Note that BandMath application interprets the image ’imagery_XX_extract.tif’ as an image made of two bands, where the first one is related to the real part of the signal, and where the second one is related to the imaginary part (that’s why the modulus is obtained by the expressions im1b1^2+im1b2^2).

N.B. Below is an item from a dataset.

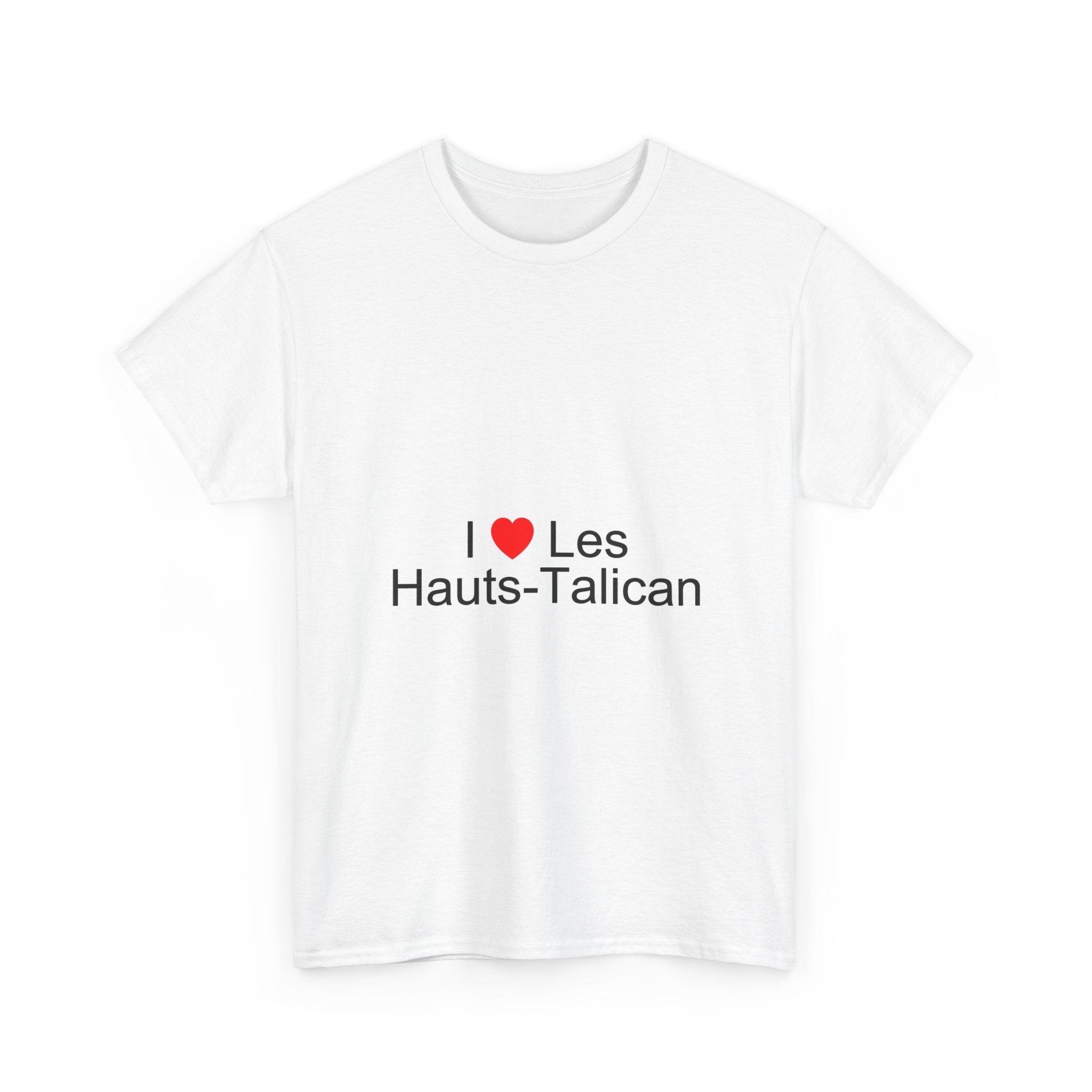 T-shirt I love les hauts-talican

Then, we rescale the produced images to intensities ranging from 0 to 255:

  • otbcli_Rescale -in HH.tif -out HH_res.png uint8
  • otbcli_Rescale -in HV.tif -out HV_res.png uint8
  • otbcli_Rescale -in VV.tif -out VV_res.png uint8

Figures below ([fig:hhfrisco] , [fig:hvfrisco] and [fig:vvfrisco]) show the images obtained:


Now the most interesting step. In order to get a friendly coloration of these data, we are going to use the Pauli decomposition, defined as follows:

  • a=\frac{|S_{HH}-S_{VV}|}{\sqrt{2}}

  • b=\sqrt{2}.|S_{HV}|

  • c=\frac{|S_{HH}+S_{VV}|}{\sqrt{2}}

We use the BandMath application again:

  • otbcli_BandMath -il imagery_HH_extract.tif imagery_HV_extract.tif
                    -out Channel1.tif
                    -exp "sqrt(((im1b1-im3b1)^2+(im1b2-im3b2)^2))"
  • otbcli_BandMath -il imagery_HH_extract.tif imagery_HV_extract.tif
                    -out Channel2.tif
                    -exp "sqrt(im2b1^2+im2b2^2)"
  • otbcli_BandMath -il imagery_HH_extract.tif imagery_HV_extract.tif
                    -out Channel3.tif
                    -exp "sqrt(((im1b1+im3b1)^2+(im1b2+im3b2)^2))"

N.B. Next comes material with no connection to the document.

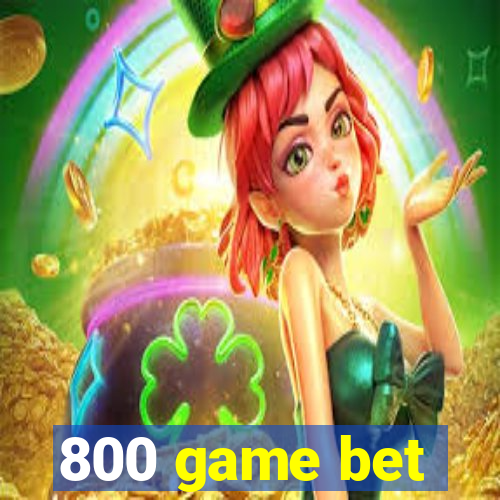 800 game bet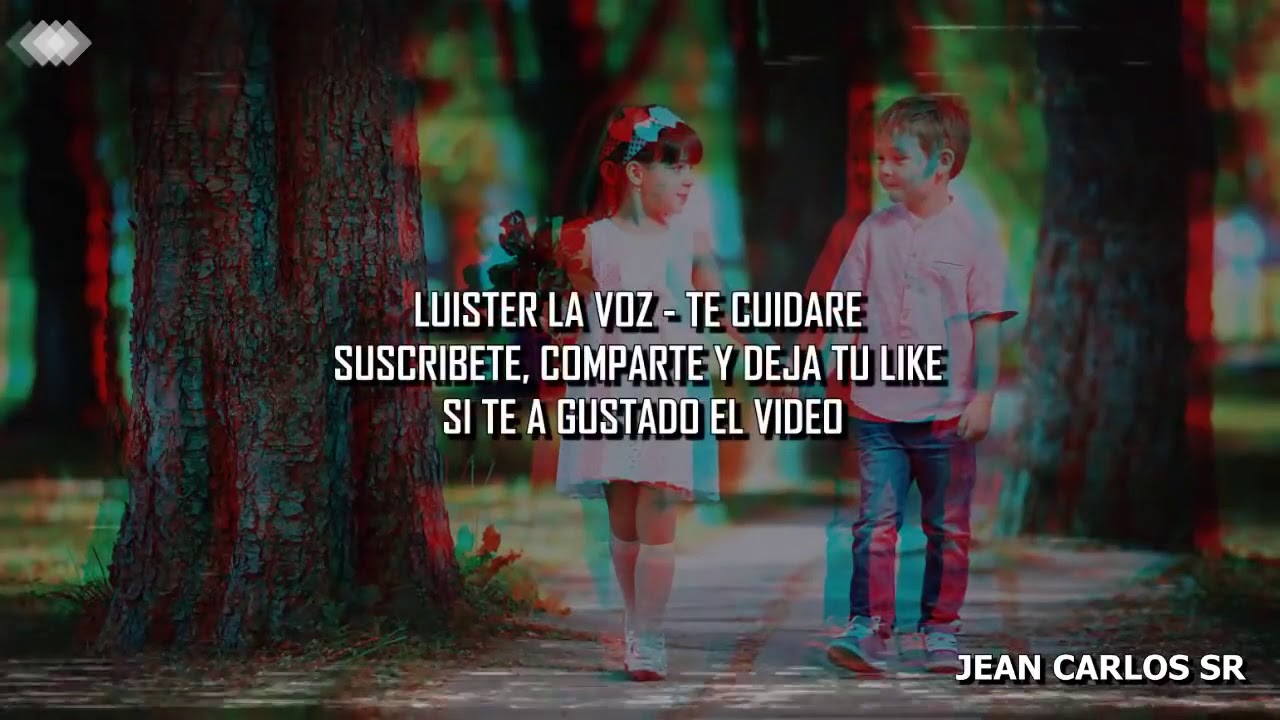 Te cuidare luister la voz original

Note that sqrt(2) factors have been omitted purposely, since their effects will be canceled by the rescaling step. Then, we rescale the produced images to intensities ranging from 0 to 255:

  • otbcli_Rescale -in Channel1.tif -out Channel1_res.tif uint8
  • otbcli_Rescale -in Channel2.tif -out Channel2_res.tif uint8
  • otbcli_Rescale -in Channel3.tif -out Channel3_res.tif uint8

And finally, we merge the three bands into a single RGB image.

otbcli_ConcatenateImages -il Channel1_res.tif Channel2_res.tif Channel3_res.tif
-out visuPauli.png

The result is shown in the figure below ([fig:colorfrisco]).